7. Final remarks: Conclusions
The Pacific Alliance countries, from an economic perspective, embrace the principles of liberalization, as well as they apply economic policies aimed to keep a low rate of inflation and to promote private sector initiative as the motor of their economies. In the political side, these countries have strong relations with the United States. Mexico, which is at the same time the second largest economy and the second most populated nation in Latin America, was the regional pioneer in subscribing a Free Trade Agreement with the United States and also has similar treaties with countries outside of the American continent.
The formation of the Pacific Alliance, which is the first multilateral Free Trade project in the continent after the failure of the FTAA, can be seen as a move to counteract the expansion of the integration initiatives led by the region's leftist group of countries (Brazil, Venezuela, and Argentina) during the last decade. Besides promoting Free Trade and integration with extra-regional partners, the Pacific Alliance countries have also boycotted initiatives such as the creation of the Bank of the South, the South American alternative to the International Monetary Fund promoted by the Mercosur countries.

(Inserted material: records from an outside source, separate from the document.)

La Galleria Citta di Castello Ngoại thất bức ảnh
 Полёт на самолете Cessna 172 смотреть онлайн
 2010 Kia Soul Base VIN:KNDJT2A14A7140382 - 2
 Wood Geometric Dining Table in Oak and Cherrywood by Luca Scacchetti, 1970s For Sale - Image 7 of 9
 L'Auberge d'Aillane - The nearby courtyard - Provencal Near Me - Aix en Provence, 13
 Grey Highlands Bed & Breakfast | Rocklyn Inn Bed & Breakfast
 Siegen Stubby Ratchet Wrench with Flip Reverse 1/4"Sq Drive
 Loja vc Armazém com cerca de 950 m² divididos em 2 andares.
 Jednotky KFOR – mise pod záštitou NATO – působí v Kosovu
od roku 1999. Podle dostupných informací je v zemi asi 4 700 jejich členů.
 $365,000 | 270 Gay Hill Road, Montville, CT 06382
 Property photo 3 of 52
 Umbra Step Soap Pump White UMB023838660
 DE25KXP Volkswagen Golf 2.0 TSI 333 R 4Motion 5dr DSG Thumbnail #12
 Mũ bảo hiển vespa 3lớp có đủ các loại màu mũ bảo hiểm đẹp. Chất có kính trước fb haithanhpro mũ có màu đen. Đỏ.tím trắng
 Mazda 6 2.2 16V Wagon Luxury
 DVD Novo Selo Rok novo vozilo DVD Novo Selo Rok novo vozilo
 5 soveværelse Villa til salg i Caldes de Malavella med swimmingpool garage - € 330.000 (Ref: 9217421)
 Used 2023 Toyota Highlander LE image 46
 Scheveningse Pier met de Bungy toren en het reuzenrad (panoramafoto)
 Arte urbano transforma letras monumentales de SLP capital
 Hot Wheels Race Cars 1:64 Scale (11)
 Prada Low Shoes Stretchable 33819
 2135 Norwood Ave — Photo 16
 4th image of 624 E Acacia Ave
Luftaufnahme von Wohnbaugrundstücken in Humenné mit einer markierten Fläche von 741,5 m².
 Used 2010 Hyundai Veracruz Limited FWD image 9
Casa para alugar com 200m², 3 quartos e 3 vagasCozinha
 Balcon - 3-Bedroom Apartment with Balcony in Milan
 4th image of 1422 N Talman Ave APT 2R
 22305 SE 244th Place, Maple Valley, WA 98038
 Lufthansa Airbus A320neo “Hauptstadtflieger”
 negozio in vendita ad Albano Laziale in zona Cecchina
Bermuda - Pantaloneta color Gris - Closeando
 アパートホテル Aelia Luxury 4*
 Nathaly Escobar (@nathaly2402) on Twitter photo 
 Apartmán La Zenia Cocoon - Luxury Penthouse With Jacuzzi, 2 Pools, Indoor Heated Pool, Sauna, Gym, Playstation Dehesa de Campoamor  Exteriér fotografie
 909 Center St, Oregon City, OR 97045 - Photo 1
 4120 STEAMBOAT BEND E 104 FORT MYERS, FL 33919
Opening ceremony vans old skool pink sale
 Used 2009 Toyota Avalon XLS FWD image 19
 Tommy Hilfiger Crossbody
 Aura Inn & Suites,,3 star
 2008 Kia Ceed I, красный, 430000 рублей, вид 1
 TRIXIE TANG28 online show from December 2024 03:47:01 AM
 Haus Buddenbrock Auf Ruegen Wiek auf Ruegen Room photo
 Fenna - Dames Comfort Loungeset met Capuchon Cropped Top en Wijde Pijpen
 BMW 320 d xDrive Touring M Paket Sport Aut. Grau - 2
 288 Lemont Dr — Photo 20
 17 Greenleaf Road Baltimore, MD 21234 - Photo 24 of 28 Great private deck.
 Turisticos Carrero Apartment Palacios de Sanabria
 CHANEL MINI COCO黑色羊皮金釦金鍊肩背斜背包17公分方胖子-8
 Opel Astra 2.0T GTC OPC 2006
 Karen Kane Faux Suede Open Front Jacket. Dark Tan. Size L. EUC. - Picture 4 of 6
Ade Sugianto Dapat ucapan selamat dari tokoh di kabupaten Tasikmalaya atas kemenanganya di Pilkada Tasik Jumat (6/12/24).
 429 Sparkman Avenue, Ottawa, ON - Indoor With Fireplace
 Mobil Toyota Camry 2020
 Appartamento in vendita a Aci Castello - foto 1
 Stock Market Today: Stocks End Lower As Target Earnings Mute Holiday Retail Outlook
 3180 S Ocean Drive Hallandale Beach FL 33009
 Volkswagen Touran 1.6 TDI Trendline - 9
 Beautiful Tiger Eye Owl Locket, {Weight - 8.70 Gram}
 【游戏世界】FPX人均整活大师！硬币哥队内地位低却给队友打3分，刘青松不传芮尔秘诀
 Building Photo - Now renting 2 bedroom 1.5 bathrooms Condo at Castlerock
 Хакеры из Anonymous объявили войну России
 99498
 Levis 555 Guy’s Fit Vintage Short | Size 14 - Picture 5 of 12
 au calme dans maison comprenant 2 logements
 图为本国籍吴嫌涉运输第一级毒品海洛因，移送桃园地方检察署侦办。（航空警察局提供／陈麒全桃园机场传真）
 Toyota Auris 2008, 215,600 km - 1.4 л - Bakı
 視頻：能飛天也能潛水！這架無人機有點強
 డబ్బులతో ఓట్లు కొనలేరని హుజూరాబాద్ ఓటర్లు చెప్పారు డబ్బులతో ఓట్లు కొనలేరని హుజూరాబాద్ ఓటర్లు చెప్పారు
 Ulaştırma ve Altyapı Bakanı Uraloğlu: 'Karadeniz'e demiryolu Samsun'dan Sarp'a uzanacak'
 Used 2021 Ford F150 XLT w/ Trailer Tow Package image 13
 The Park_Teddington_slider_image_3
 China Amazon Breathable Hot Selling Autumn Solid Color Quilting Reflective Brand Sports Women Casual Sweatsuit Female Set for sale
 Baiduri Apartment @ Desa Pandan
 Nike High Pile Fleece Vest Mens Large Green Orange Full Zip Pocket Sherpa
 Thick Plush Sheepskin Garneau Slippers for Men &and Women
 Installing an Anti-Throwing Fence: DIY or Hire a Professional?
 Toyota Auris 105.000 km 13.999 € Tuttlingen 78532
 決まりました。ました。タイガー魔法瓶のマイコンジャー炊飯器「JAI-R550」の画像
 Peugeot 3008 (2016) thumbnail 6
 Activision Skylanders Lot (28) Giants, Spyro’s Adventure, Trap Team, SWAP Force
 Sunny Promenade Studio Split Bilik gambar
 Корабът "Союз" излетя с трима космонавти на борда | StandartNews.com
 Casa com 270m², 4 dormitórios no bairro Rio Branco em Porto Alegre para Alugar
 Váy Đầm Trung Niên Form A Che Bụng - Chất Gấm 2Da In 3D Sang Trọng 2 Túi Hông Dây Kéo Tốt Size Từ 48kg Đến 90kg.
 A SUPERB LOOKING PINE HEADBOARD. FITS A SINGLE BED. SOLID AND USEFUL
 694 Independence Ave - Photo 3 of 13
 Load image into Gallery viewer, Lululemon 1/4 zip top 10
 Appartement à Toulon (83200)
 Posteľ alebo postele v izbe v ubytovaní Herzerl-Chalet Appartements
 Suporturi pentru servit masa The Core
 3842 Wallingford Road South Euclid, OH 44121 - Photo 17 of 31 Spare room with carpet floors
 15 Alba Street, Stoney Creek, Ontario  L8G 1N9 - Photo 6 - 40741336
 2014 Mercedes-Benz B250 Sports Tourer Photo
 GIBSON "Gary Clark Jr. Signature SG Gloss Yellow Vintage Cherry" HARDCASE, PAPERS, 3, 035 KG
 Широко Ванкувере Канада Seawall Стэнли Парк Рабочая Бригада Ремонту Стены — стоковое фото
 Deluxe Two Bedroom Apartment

From the constructivist perspective, the process of integration between these four countries is not a sudden development, because it has been gradually taken place during the last two decades. Before establishing the Pacific Alliance, all four member states already had bilateral Free Trade Agreement between them, so this late initiative is nothing but the consolidation and unification of the integration process that encompasses a set of like-minded countries seeking to advance both their economic and political integration.